Exercise aim → The lines you should transcribe are those from the one containing "Women's Dictionary Olive Shorts size 4" to the end of the listing below, exactly, with pictures left out.

··· Data segment

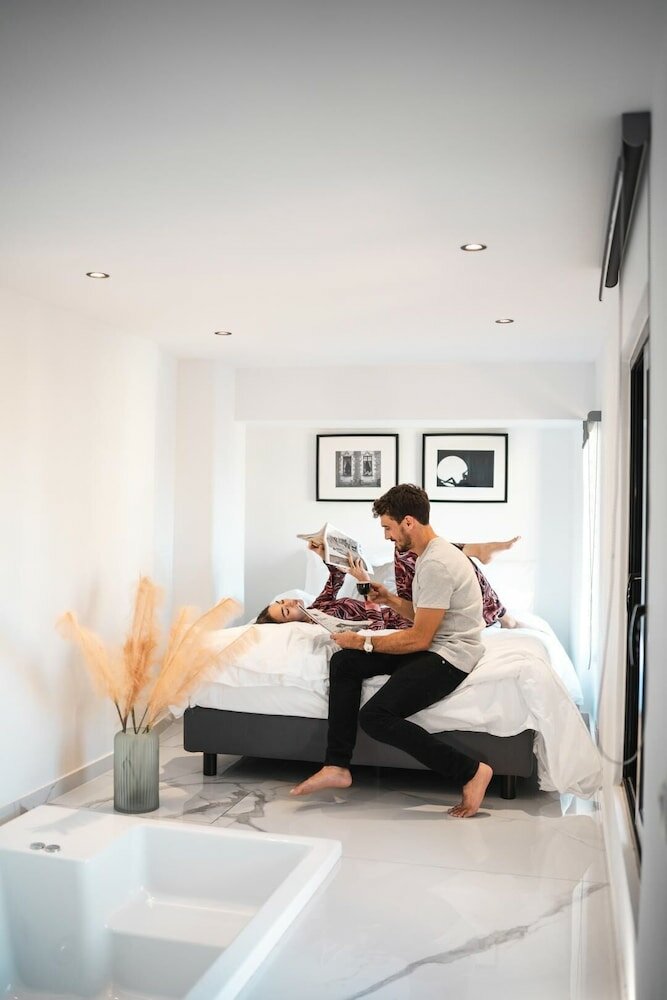 Фото Melo Athens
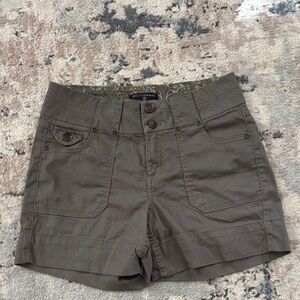 Women's Dictionary Olive Shorts size 4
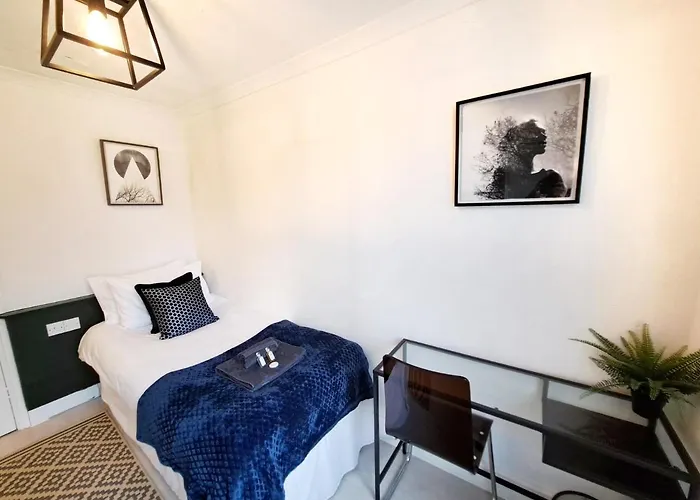Spacious 3 Bed Apartment, En-Suites, Near Train Station!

······

Result of this exercise →
 Women's Dictionary Olive Shorts size 4
Spacious 3 Bed Apartment, En-Suites, Near Train Station!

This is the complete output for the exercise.